Many social media companies have strict policies governing the use of their APIs. To ensure compliance with these policies the Pulsar platform was used to access social media posts at scale. Pulsar provides an API and managed wrap-around service that allows users to collect and analyse social media posts across multiple sources in compliance with the terms of service on the relevant platforms. This provided the primary data set for our social media analysis.

To protect user privacy, all data gathered across the platforms explored – Facebook, Instagram, X, Trip Advisor, Reddit - was anonymised by replacing usernames with randomly generated IDs.

To structure the data collection effectively, two main types of queries were employed on the Pulsar platform:

Live Queries: Designed for ongoing events, this was the type of query used for the British Museum, these queries collect data over a defined period. The primary data sources for these queries were Instagram (limited to live data only) and Facebook (limited data to the past 30 days only - set by Meta’s Terms and Conditions).

Historic Queries: Used for past, one-off events, such as the London Marathon, capturing data from one week before and after the event. The key data sources include Twitter, TripAdvisor, and Reddit.
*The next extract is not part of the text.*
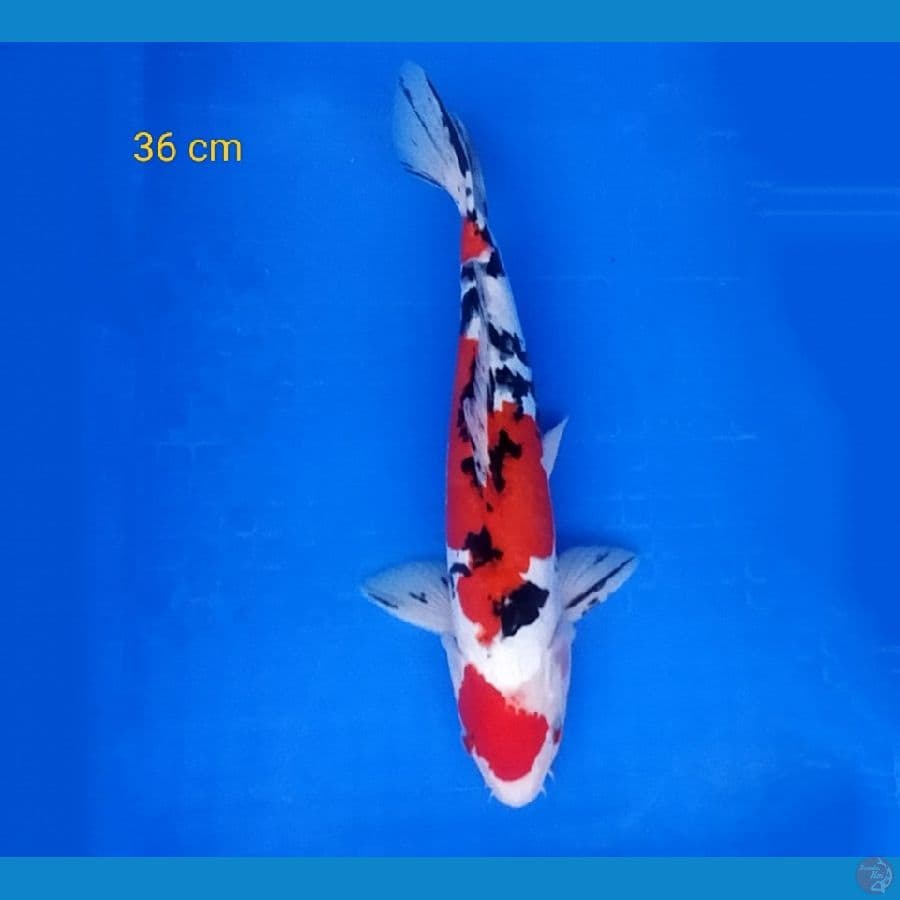 maruten doitsu sanke stronge 36 cm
Having access to both live and historic data means modelling approaches using social media data are more flexible and can be used for a wider range of events.

4.2 Data Extraction

Searches for social media posts that can be used to predict attendance are constructed on the Pulsar platform using a Boolean search query defined by the user and then refined for each platform’s specific requirements.

Our methodology used large language models (LLMs) to generate queries, albeit with manual oversight. Additional adjustments were also made using event-specific details to improve accuracy and relevance. The Pulsar platform offers a Boolean generator support tool to support users with constructing the validated syntax.

Once a search is running on the Pulsar platform, whether live or historic, it is assigned a unique search ID. This ID, along with specified start and end dates, is then used within code notebooks to download the social media data that has been pulled into the platform.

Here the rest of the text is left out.